● **EXERCISE INPUT**:
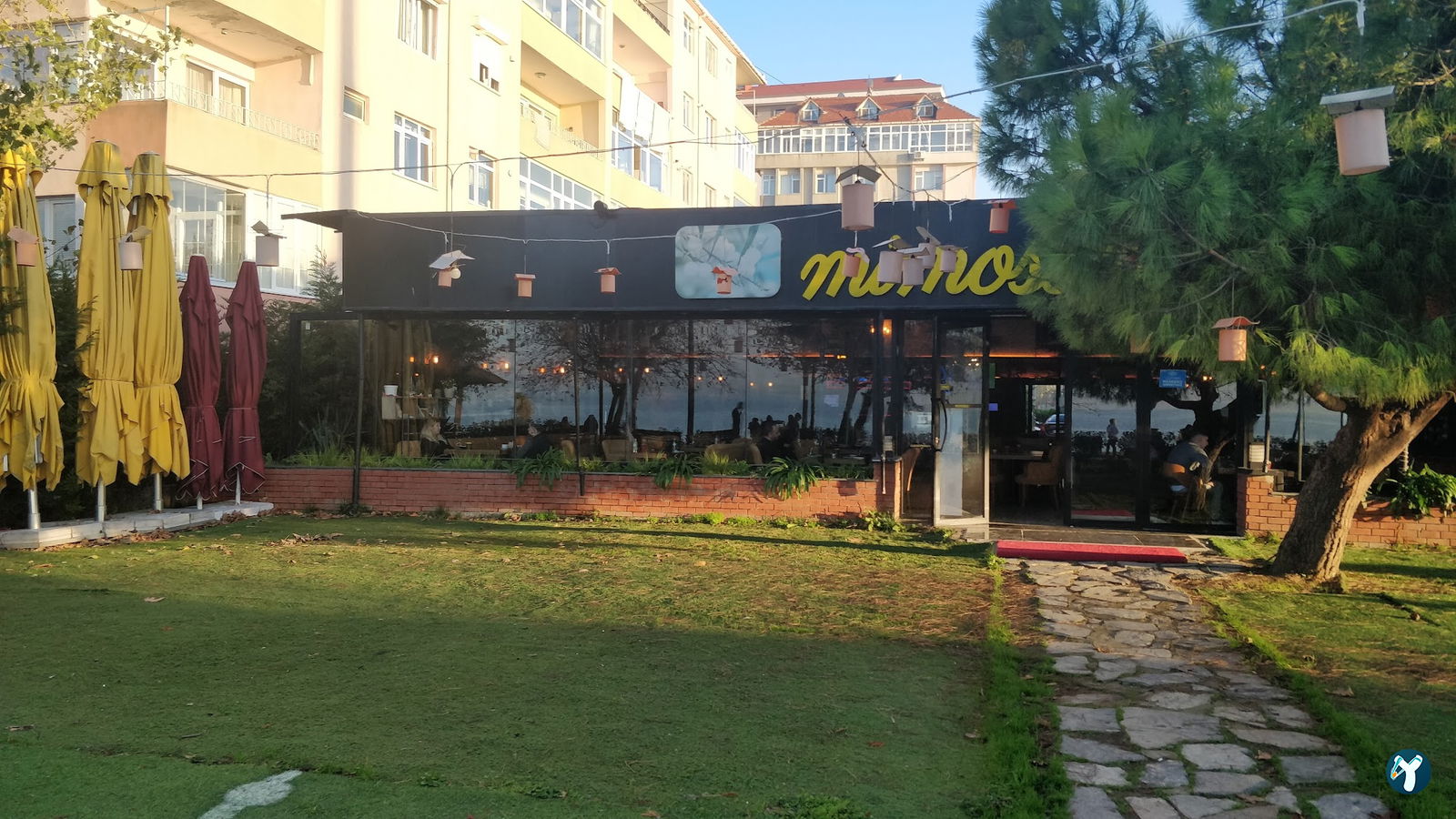 Mimossa Cafe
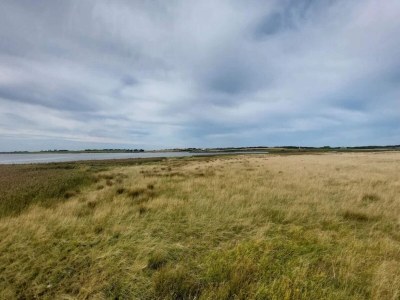 Holiday house 8 person holiday home in Løgstør-By Traum - Outdoor photo 13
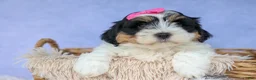 Teddy Bear dogs for sale: TINA - Ad 14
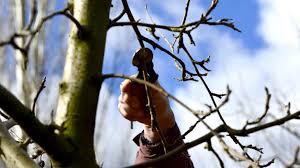 How To Make Your Job Easier With Tree Lopping Services?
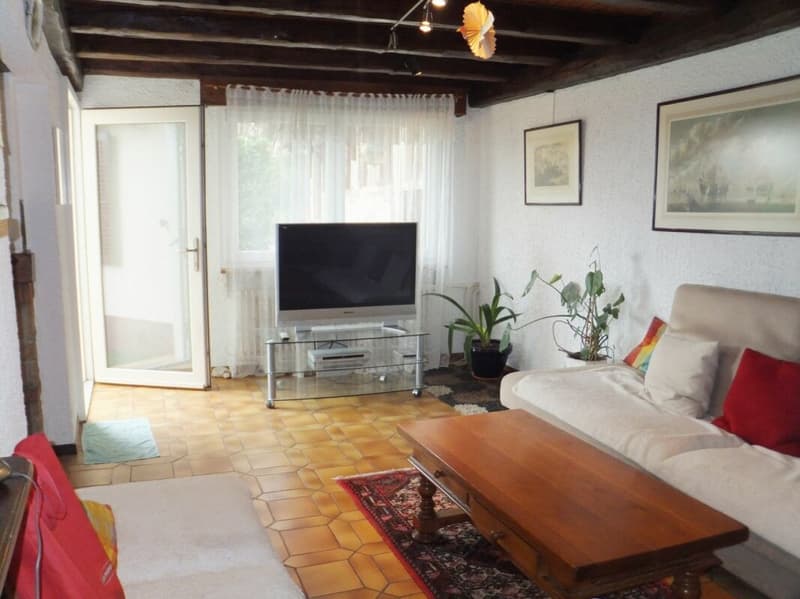 Haus mit 7 Zimmern in Genf - Ausnahmeprice (4)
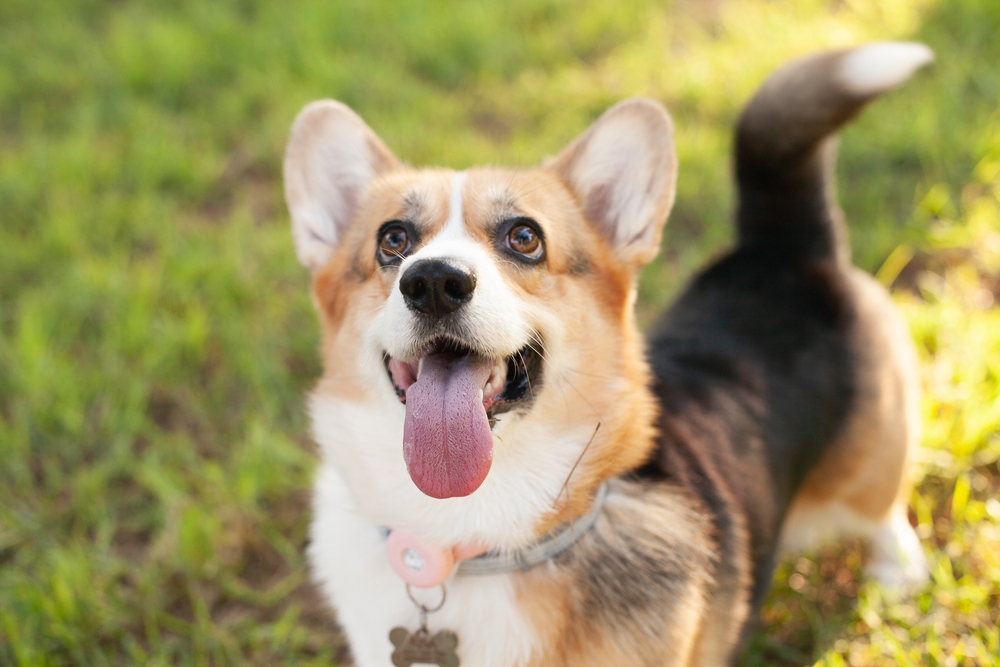 Cardigan Welsh Corgi dogs for sale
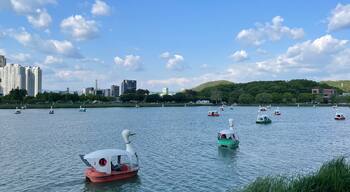 Korea 대한민국 대구 수성구 수성못 오리배 잔잔한 호수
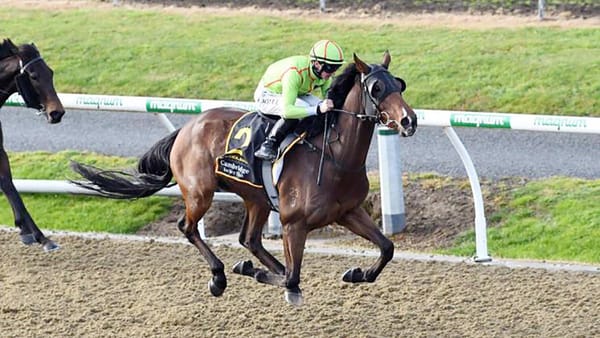 Brontes Gold continues winning ways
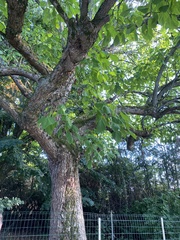 Catalpa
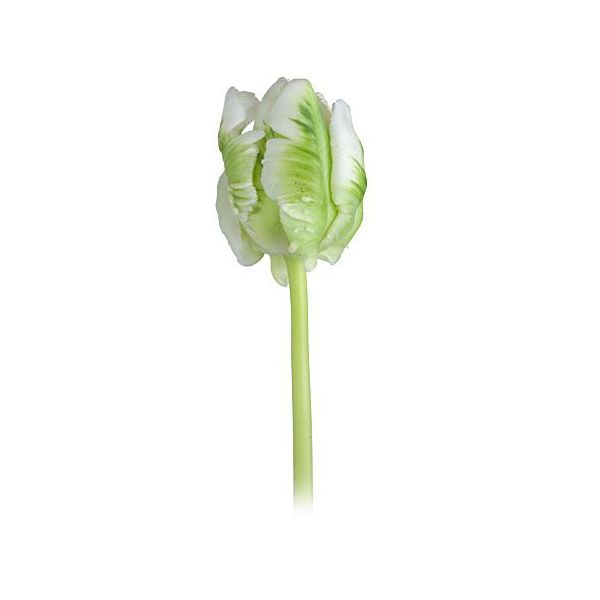 Tulip Parrot Super Parrot Bi-color Green & White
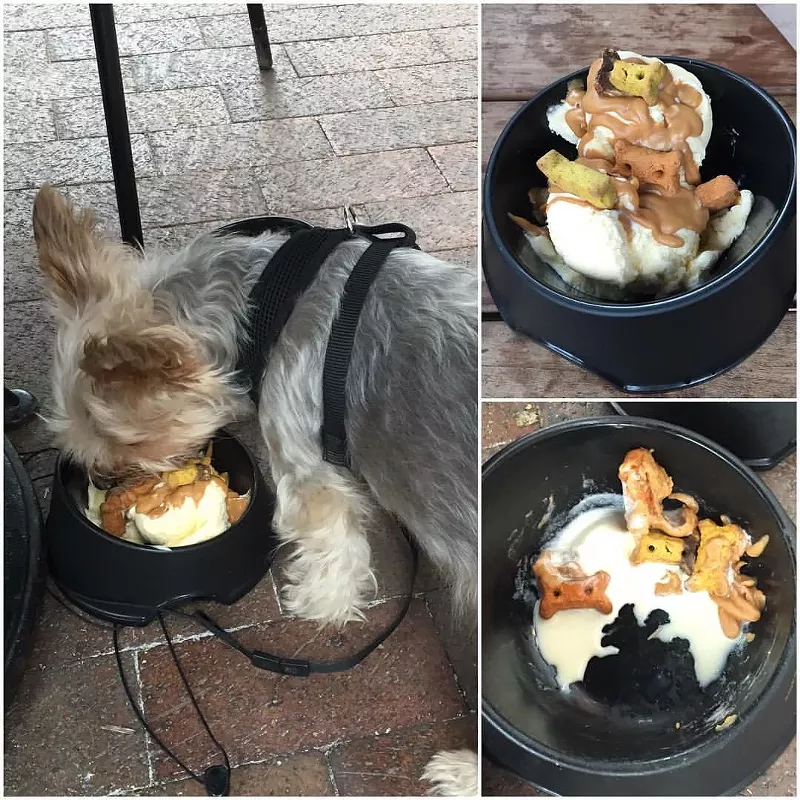 A lil puppy enjoying his lil puppy treat - Courtesy photo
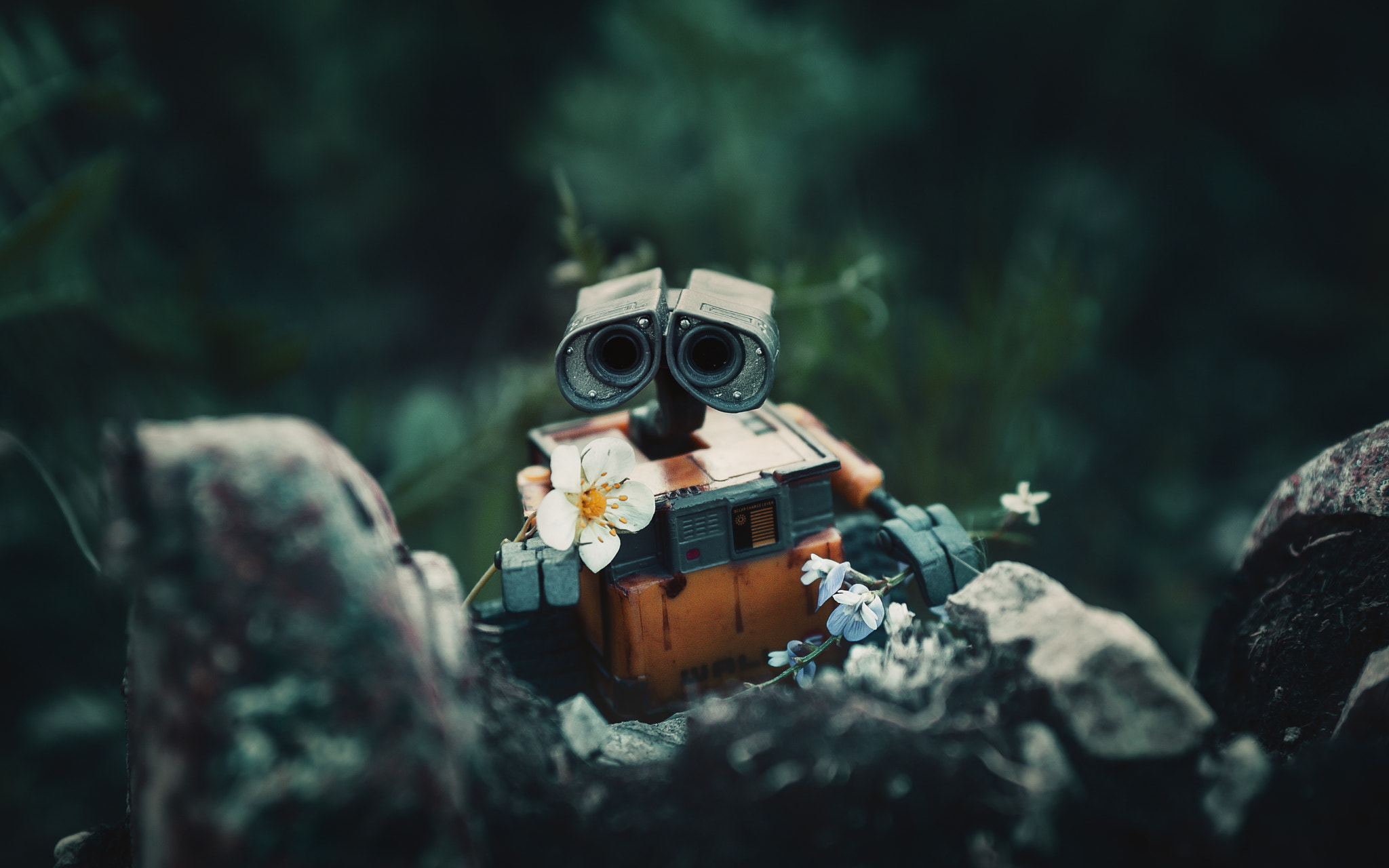 Sony SLT-A65 (SLT-A65V) sample photo. Wall-e #6 photography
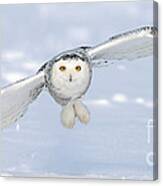 Snowy Owl In Flight #1 Canvas Print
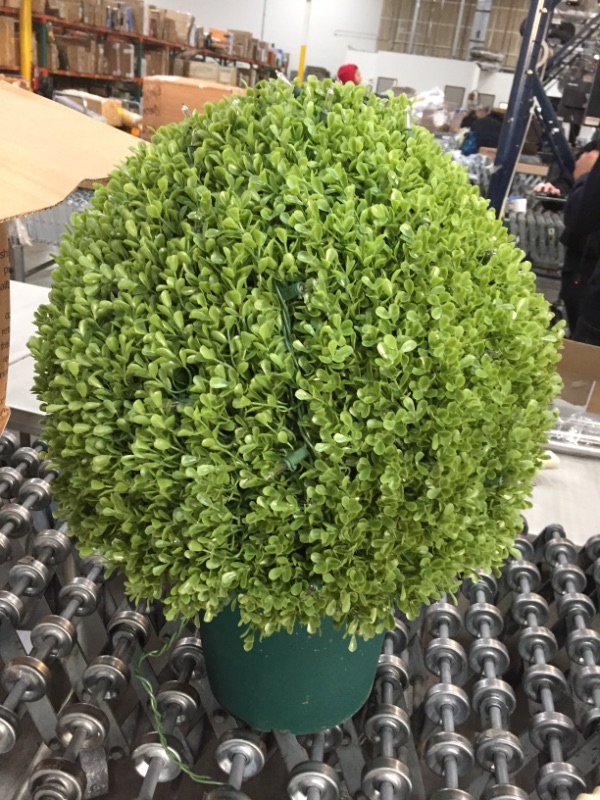 Photo 4 of 22" Mini Boxwood Ball Shaped Topiary Tree in Round Growers Pot with 70 Clear Lights
**HALF OF THE LIGHTS DO NOT TURN ON**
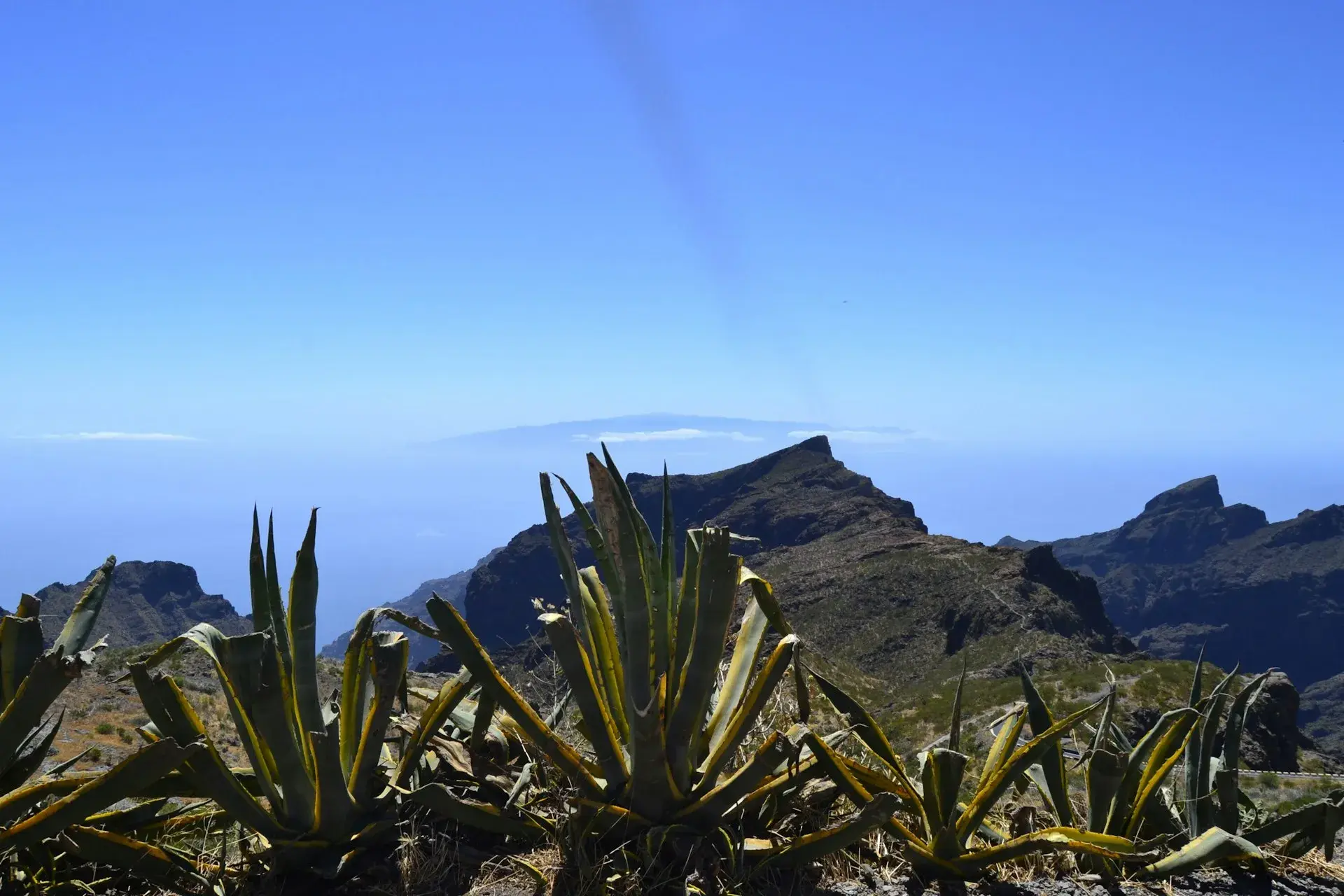 Vista desde un mirador sobre las montañas escarpadas de Tenerife, con pitas en primer plano y el mar al fondo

● **TASK TO CARRY OUT**:
Skip the pictures. Write out exactly the lines from the one with "Snowy Owl In Flight #1 Canvas Print" through the last line of the listing, both ends included, and nothing more.

● **SOLUTION TO THIS PROBLEM**:
 Snowy Owl In Flight #1 Canvas Print
 Photo 4 of 22" Mini Boxwood Ball Shaped Topiary Tree in Round Growers Pot with 70 Clear Lights
**HALF OF THE LIGHTS DO NOT TURN ON**
 Vista desde un mirador sobre las montañas escarpadas de Tenerife, con pitas en primer plano y el mar al fondo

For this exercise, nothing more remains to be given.